╔══

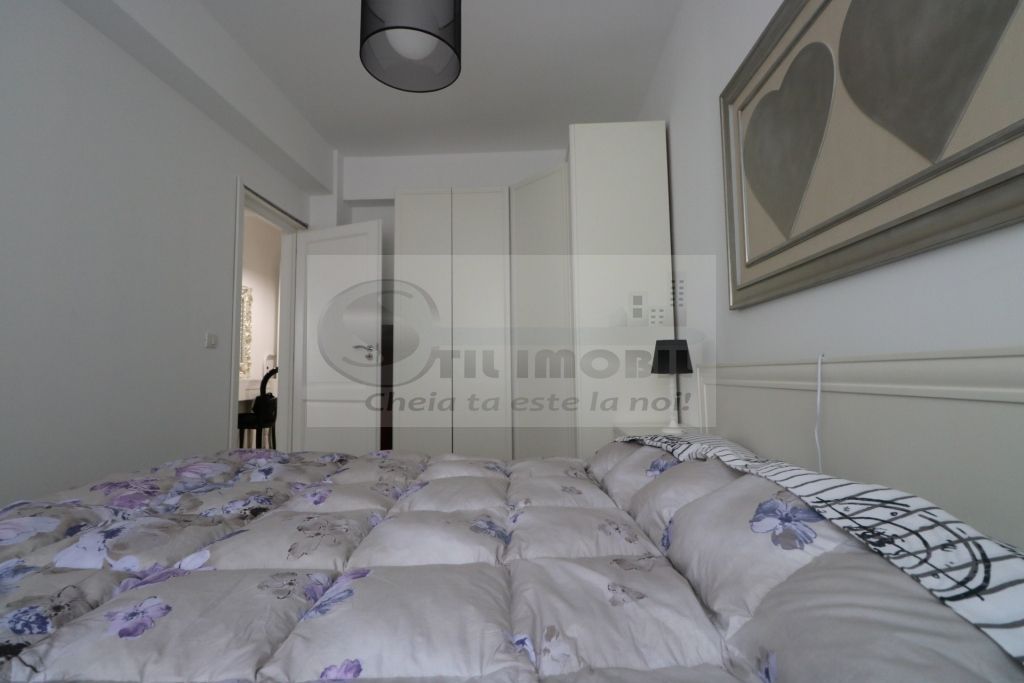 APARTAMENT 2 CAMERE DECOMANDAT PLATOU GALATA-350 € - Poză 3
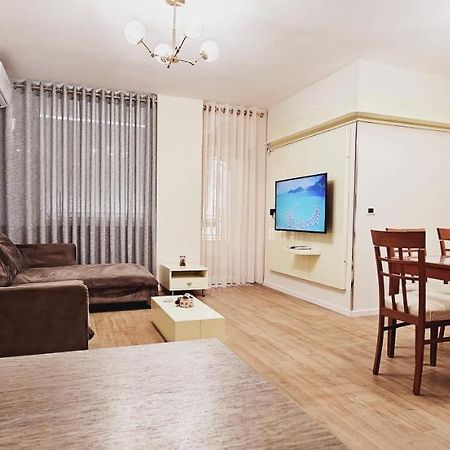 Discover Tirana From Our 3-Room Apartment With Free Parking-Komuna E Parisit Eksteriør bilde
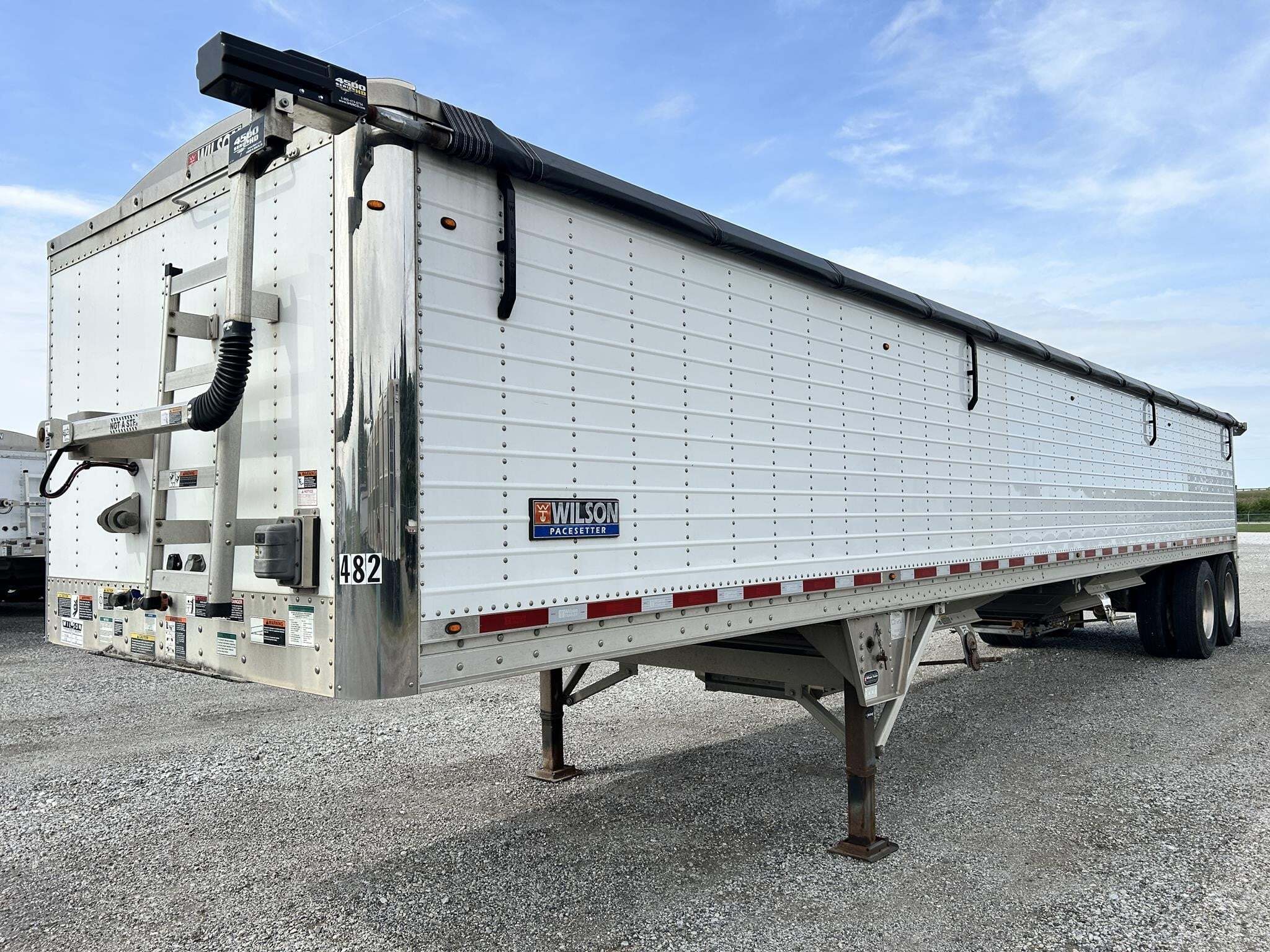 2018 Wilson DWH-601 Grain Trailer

╚══

• WHAT TO DO: Could you print the data exactly as it appears and keep the pictures out?

• SOLUTION FOR THIS TASK:
 APARTAMENT 2 CAMERE DECOMANDAT PLATOU GALATA-350 € - Poză 3
 Discover Tirana From Our 3-Room Apartment With Free Parking-Komuna E Parisit Eksteriør bilde
 2018 Wilson DWH-601 Grain Trailer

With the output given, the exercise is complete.